Phico Therapeutics raises £3.5 million

Phico Therapeutics in Cambridge has raised more than £3.5 million from new and existing investors to support the development of a ground-breaking new treatment to target antibiotic resistant infections in hospitals.

The fund will be used to take its pioneering treatment PT3 into human clinical trials, bringing this much-needed new antimicrobial therapy closer to patients.

Superbugs are so-called because of their ability to fend off antibiotic treatment. For over 100 years, antibiotics have been the last line of defence against a range of illnesses but are increasingly failing to safeguard against a new generation of bugs able to combat such treatments.

A UK government review of antimicrobial resistance carried out in May and chaired by Lord Jim O’Neill concluded that unless action was taken now, the death toll from antimicrobial resistant infections could, by 2050, be as high as one fatality every three seconds.

It is hoped PT3, which is part of Phico’s innovative SASPject technology range of treatments, will be a key tool for the world’s medical professionals as they look to find ways to address the growing risk that antimicrobial resistance poses to global health.

Guy Hands, the founder, chairman and chief investment officer of Terra Firma, one of Europe’s leading private equity firms, and his wife, Julia Hands, have invested in Phico.

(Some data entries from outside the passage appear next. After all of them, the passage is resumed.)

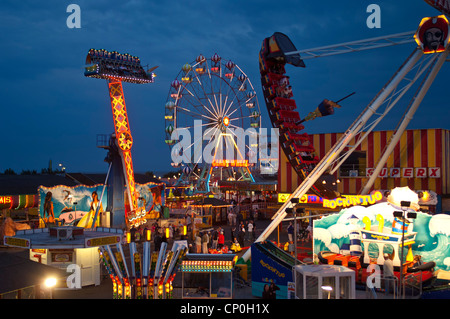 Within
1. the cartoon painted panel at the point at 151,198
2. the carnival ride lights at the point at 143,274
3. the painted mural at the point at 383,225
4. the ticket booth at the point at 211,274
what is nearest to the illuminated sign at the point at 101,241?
the carnival ride lights at the point at 143,274

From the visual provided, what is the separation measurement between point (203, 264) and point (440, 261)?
7.90 metres

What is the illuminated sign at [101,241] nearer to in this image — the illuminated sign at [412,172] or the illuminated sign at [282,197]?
the illuminated sign at [282,197]

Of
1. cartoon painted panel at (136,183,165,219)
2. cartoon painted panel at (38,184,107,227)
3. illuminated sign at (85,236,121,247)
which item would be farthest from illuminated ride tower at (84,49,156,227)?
illuminated sign at (85,236,121,247)

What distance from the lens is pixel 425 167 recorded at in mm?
24141

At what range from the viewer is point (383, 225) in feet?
51.1

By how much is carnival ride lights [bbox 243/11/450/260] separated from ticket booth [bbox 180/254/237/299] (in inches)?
111

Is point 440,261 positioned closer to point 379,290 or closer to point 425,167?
point 379,290

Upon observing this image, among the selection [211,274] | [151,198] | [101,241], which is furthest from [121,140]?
[211,274]

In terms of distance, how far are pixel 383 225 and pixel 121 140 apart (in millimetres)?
15898

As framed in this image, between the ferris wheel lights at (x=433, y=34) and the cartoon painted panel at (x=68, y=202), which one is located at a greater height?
the ferris wheel lights at (x=433, y=34)

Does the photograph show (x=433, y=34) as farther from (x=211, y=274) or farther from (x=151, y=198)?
(x=151, y=198)

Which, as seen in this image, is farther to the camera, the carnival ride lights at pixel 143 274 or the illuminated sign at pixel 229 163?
the illuminated sign at pixel 229 163

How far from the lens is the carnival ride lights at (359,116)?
49.3 feet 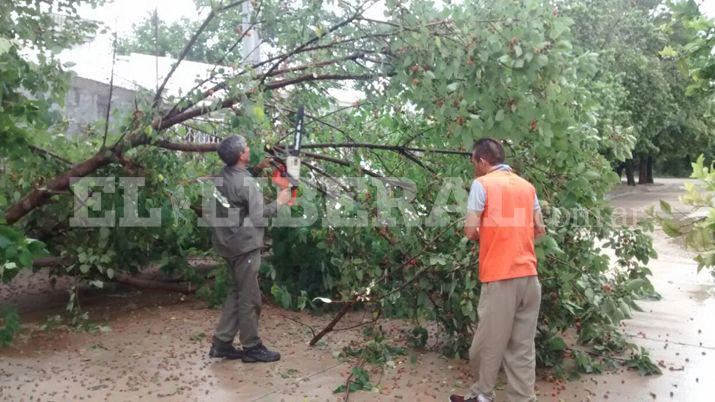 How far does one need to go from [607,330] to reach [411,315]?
1.54 metres

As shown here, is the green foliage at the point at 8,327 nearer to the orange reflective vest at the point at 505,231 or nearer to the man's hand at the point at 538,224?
the orange reflective vest at the point at 505,231

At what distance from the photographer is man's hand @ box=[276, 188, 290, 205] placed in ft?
16.7

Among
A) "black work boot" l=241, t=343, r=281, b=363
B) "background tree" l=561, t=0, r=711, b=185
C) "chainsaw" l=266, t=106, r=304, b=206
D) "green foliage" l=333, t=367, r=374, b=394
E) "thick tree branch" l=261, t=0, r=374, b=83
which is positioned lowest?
"green foliage" l=333, t=367, r=374, b=394

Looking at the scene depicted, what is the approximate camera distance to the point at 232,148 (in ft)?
16.8

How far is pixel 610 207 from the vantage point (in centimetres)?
567

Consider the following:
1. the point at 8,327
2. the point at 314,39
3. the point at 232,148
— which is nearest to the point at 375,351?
the point at 232,148

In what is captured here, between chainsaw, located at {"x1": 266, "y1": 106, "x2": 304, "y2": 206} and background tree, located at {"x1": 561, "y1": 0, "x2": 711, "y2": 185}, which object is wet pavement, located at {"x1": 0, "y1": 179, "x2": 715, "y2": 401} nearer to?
chainsaw, located at {"x1": 266, "y1": 106, "x2": 304, "y2": 206}

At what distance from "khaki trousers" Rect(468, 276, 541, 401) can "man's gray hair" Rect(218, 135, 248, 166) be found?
2.09 meters

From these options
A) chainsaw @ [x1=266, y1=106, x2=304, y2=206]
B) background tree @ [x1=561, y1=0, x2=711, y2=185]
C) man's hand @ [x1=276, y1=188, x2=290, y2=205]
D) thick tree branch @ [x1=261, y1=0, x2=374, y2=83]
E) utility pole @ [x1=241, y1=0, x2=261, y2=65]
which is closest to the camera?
chainsaw @ [x1=266, y1=106, x2=304, y2=206]

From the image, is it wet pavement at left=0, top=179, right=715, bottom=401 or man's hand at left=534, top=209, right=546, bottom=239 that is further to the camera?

In a joint statement they said: “Phico Therapeutics is doing vital work in the field of antibiotic resistance. There is lack of funding for the UK’s biotech companies as they endeavour to find solutions for a major global problem. We are proud to be involved in this vital work and to support the scientists whose research in this area is of critical importance to future generations.”

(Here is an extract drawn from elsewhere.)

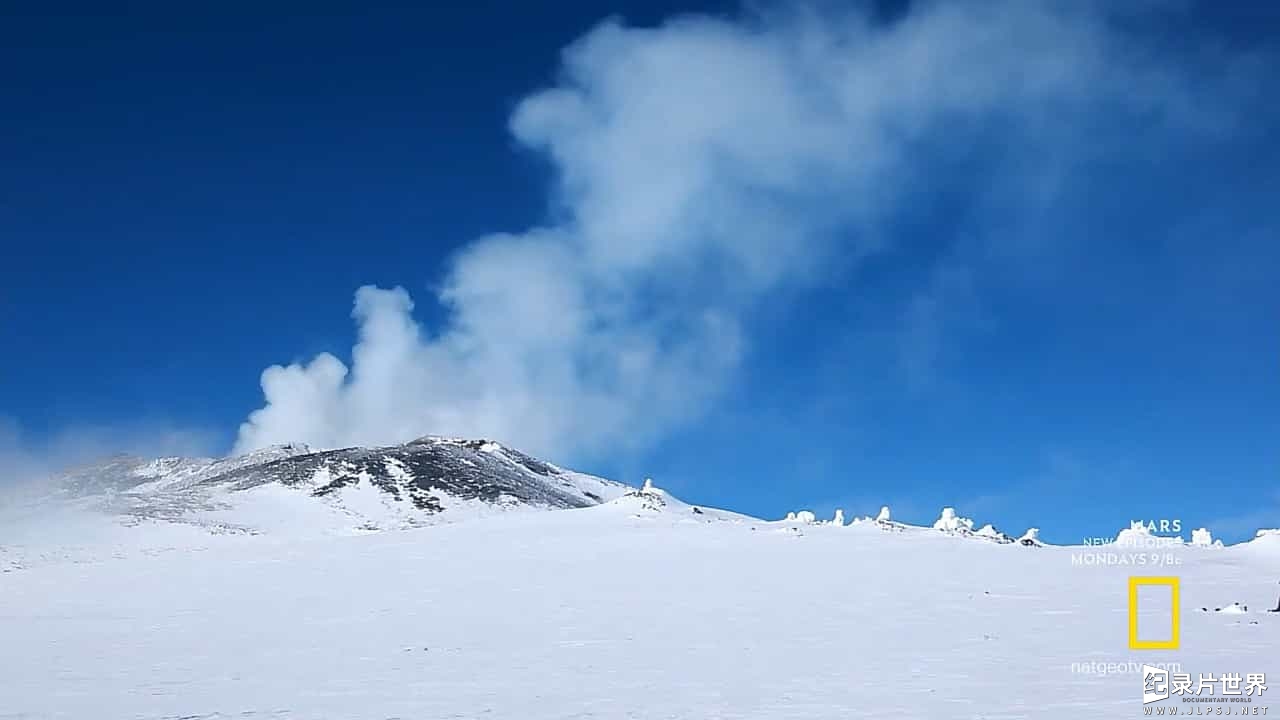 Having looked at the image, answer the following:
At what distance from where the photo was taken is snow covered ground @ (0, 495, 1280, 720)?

PT3 has been developed to target Pseudomonas aeruginosa, a bacterial species which exhibits one of the highest levels of inherent multi-drug resistance (MDR), with resistant pseudomonal infections causing a significant number of deaths each year.

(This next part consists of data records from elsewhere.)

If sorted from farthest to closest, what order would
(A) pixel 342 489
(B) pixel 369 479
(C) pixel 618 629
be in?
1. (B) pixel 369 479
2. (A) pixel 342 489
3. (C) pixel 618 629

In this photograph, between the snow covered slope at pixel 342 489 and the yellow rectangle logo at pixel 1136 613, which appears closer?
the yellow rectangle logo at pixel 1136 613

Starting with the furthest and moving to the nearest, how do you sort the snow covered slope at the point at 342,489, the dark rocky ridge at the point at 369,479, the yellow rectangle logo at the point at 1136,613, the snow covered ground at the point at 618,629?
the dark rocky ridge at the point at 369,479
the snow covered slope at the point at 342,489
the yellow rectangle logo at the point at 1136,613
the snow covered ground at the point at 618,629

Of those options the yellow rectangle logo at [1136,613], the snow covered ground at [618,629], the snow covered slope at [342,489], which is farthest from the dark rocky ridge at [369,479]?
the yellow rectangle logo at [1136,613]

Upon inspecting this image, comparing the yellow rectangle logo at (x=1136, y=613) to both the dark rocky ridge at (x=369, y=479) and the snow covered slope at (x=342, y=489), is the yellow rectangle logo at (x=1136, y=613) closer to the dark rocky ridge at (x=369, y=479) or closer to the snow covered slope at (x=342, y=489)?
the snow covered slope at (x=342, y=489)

Commenting on the potential of the PT3 treatment to address this global health risk, and the wider investment into anti-microbial resistance research CEO, Dr Heather Fairhead (pictured above) said: “Phico’s ground-breaking SASPject technology is being utilised to target a range of multidrug resistant (MDR) bacterial infections.

“Studies to date have been very encouraging and support the use of SASPjects as antibacterial drugs in areas of high unmet need and large market potential.

“With the additional investment this research has garnered from our new and existing investors, we are now well placed for our lead product, PT3, to spearhead Phico’s growing pipeline of treatments, with human trials expected in 2017.”

Phico, working in conjunction with Greenwood Way Capital and other stakeholders has unlocked considerable investment for the sector from those looking to the UK as a potential growth area.

David Harding of Winton Ventures highlighted the opportunity for domestic and overseas investors in UK biotechnology: “The sector in the UK can go from strength to strength. We have excellent science, a strong talent pool, and a supportive business environment.

“Phico presents a fantastic opportunity to help develop and bring to market cutting edge products that will make a real difference in the battle against antibiotic resistance.”